(INFORMATION SUPPLIED begins)
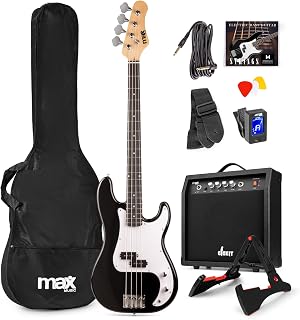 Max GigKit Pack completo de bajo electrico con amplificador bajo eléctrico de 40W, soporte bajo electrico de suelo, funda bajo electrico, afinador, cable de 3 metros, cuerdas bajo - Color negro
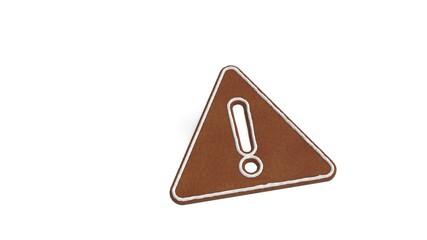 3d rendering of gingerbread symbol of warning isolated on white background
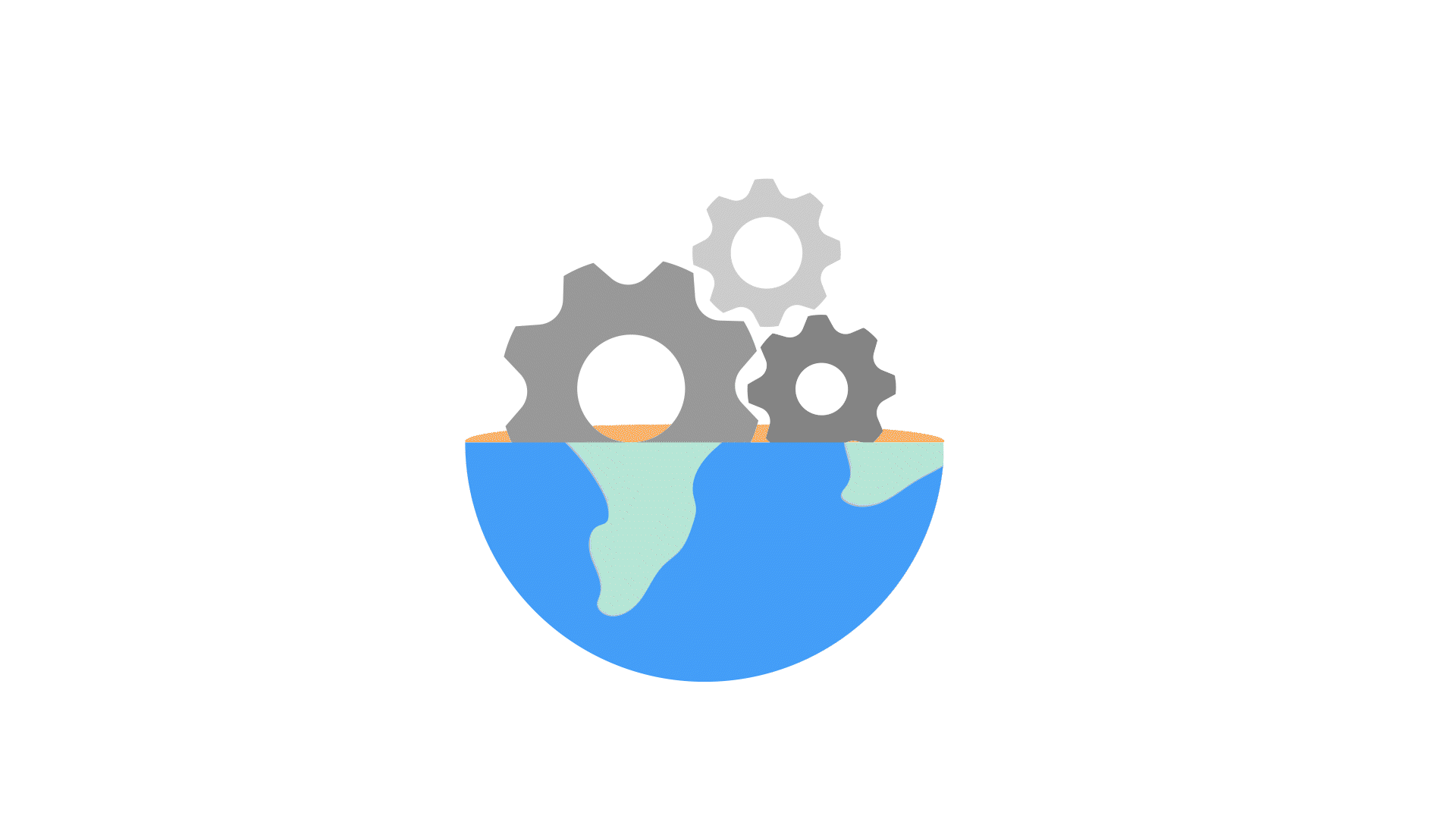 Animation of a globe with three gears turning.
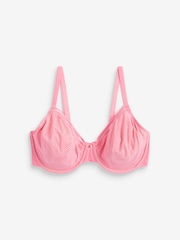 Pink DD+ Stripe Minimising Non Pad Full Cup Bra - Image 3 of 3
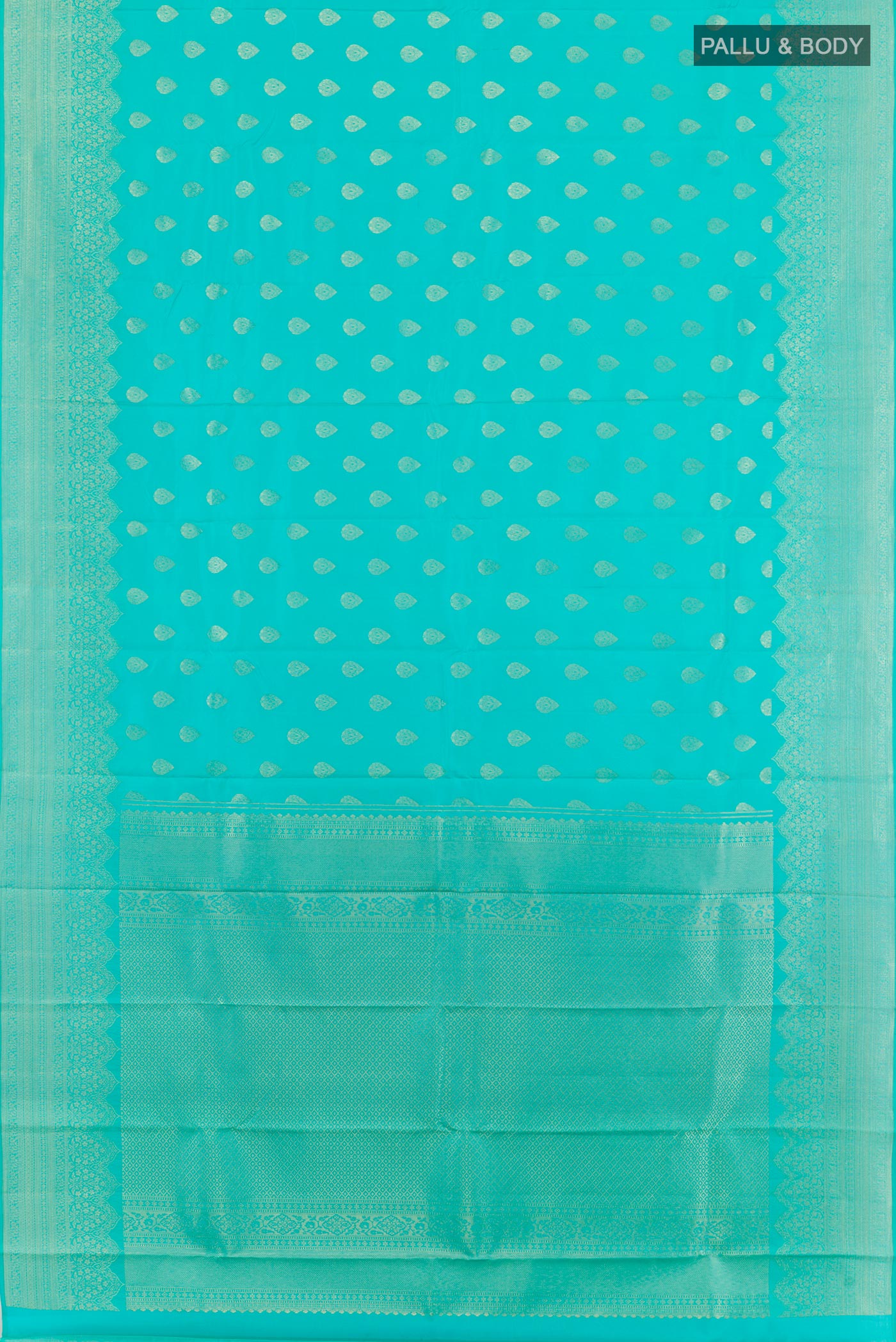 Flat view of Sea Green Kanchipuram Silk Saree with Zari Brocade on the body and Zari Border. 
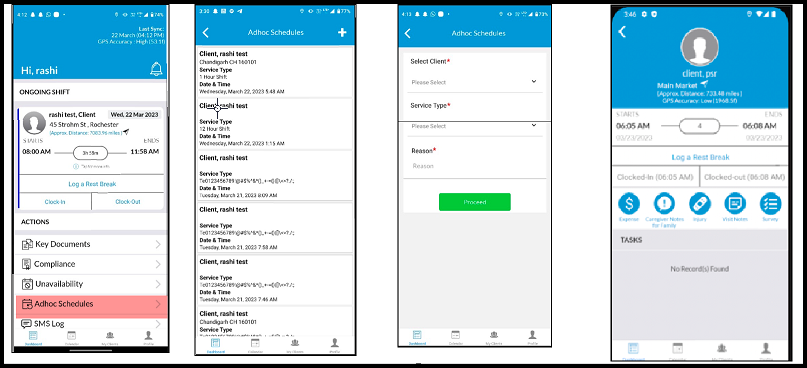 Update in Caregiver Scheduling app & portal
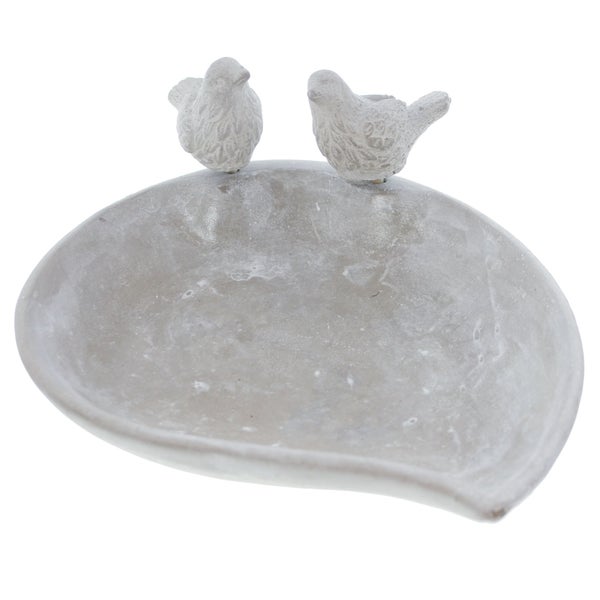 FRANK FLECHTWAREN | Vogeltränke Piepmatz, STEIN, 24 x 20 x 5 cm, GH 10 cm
(INFORMATION SUPPLIED ends)
**PROBLEM DESCRIPTION**
The finished answer is an exact repetition of the listing, with every picture removed.

**OUTPUT BELOW**
 Max GigKit Pack completo de bajo electrico con amplificador bajo eléctrico de 40W, soporte bajo electrico de suelo, funda bajo electrico, afinador, cable de 3 metros, cuerdas bajo - Color negro
 3d rendering of gingerbread symbol of warning isolated on white background
 Animation of a globe with three gears turning.
 Pink DD+ Stripe Minimising Non Pad Full Cup Bra - Image 3 of 3
 Flat view of Sea Green Kanchipuram Silk Saree with Zari Brocade on the body and Zari Border. 
 Update in Caregiver Scheduling app & portal
 FRANK FLECHTWAREN | Vogeltränke Piepmatz, STEIN, 24 x 20 x 5 cm, GH 10 cm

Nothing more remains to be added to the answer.